The Python code is implemented as follows:

 # Image classification processing based on support vector machine
from sklearn import svm
clf = svm.SVC()
clf.fit(X_train, y_train) #training fitting data
predictions_labels = clf.predict(X_test) # get predicted data
score = clf.score(X_test,y_test) #calculate accuracy
print('accuracy rate: {}'.format(score*100))
# Calculate the kappa coefficient
kappa_value = cohen_kappa_score(y_test, predictions_labels)
print('kappa coefficient is: {}'.format(kappa_value))
print('algorithm evaluation:{}'.format(classification_report(y_test, predictions_labels)))
#start painting confusion proof
cm = confusion_matrix(y_test,predictions_labels)
cm = pd.DataFrame(cm,columns=["cardboard","glass","metal","paper","plastic","trash"],index= ["cardboard","glass","metal","paper","plastic","trash"]) # Specify the name of the confusion proof line
plt.figure(dpi=200, figsize=(5, 5)) # set image size and size

Use precision, recall rate and F1, confusion matrix, kappa coefficient and accuracy rate to judge the classification accuracy.

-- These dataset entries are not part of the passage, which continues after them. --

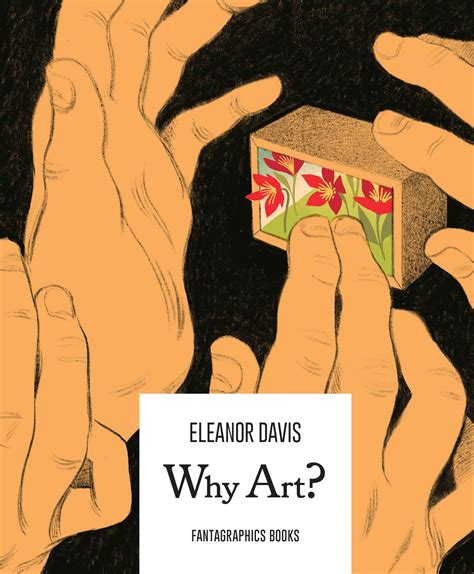 Eyeball Kicks Eleanor Daviss Why Art The New Yorker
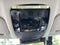 2026 Lexus RX PLUG-IN HYBRID ELECTRIC VEHICLE RX 450h+ LUXURY AWD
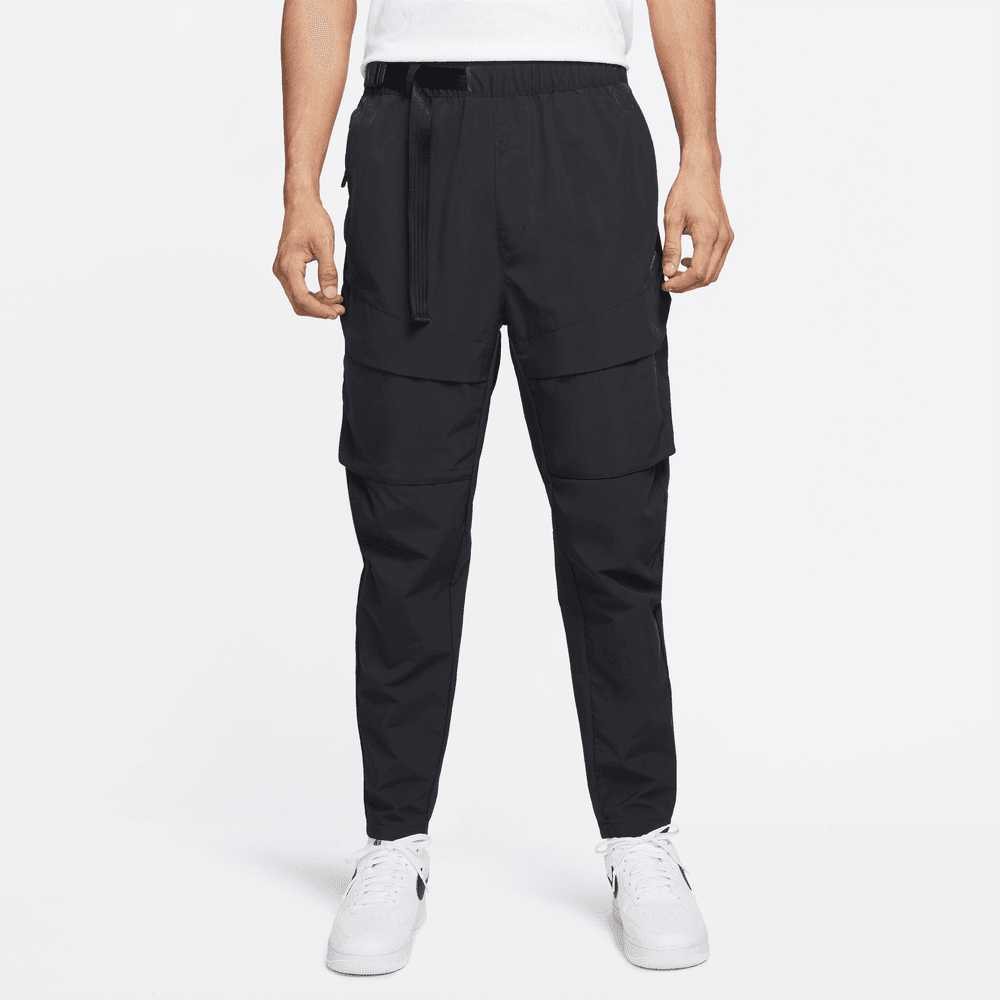 M NL CARGO PANT Nike Men's Clothing | Ballzy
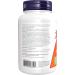 NOW Supplements Vitamin D3 2500 IU Softgels 500 Count & NOW Supplements Omega-3 1 000mg Softgels 200 Count - Buy Online on SooperMarket.com
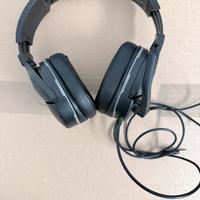 Cuffie Turtle Beach Recon 200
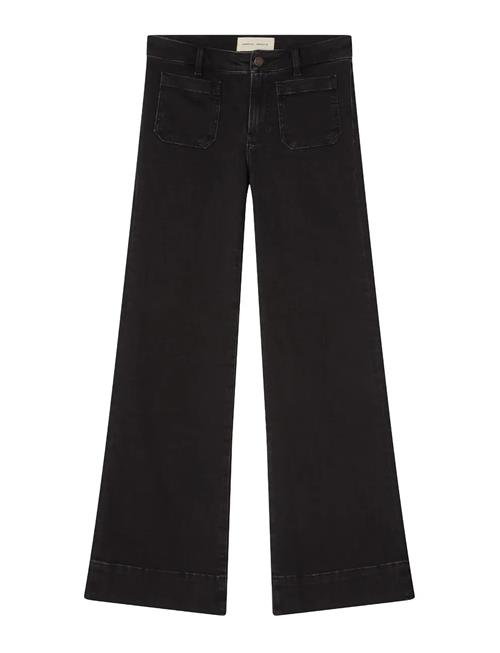 Jeanerica | St Monica Low | 31 x 32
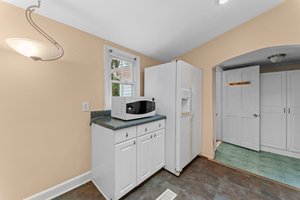 407 Poplar St, Graham, NC 27253, USA Photo 44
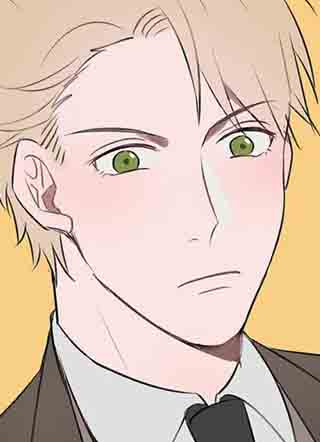 送快递这件破事儿 截图1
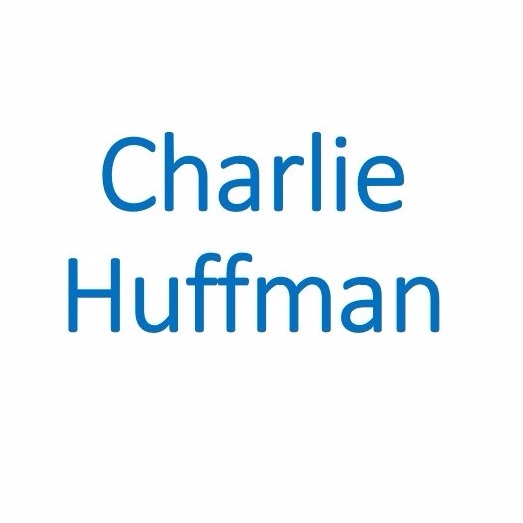 Affiliate Marketing Choices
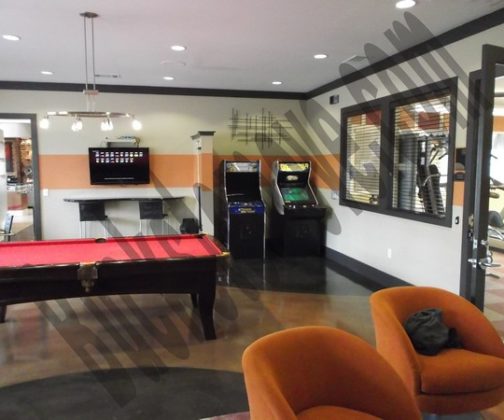 San Antonio Apartments San Antonio Apartments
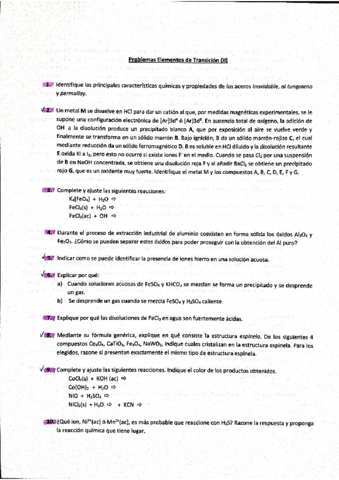 Elementos-de-transicion-2.pdf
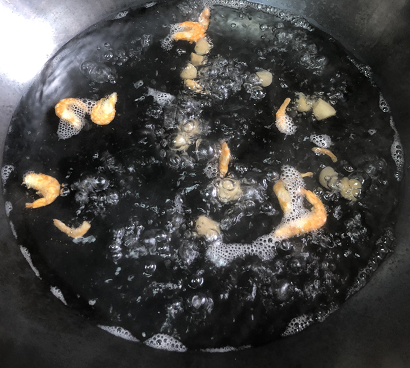 ���������������Ϻ�������̵�����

The specific data are shown in the following table:

The kappa coefficient is: 0.577, and the accuracy rate is: 66.13%.
The confusion matrix is shown in the figure below:

5. Comparison of classification algorithms

Bayes, decision tree, and SVM use precision (Presicion) to classify and compare. The specific data are shown in the following table:

Due to the large number of classification categories and the limited number of data sets, the major classifiers do not show high accuracy in the classification effect, especially in the classification of trash, the accuracy of decision tree and Bayes classification is low . Among the three types of algorithms, Bayes is the fastest. From the accuracy comparison of the data, it can be seen that in this project, SVM performed the best.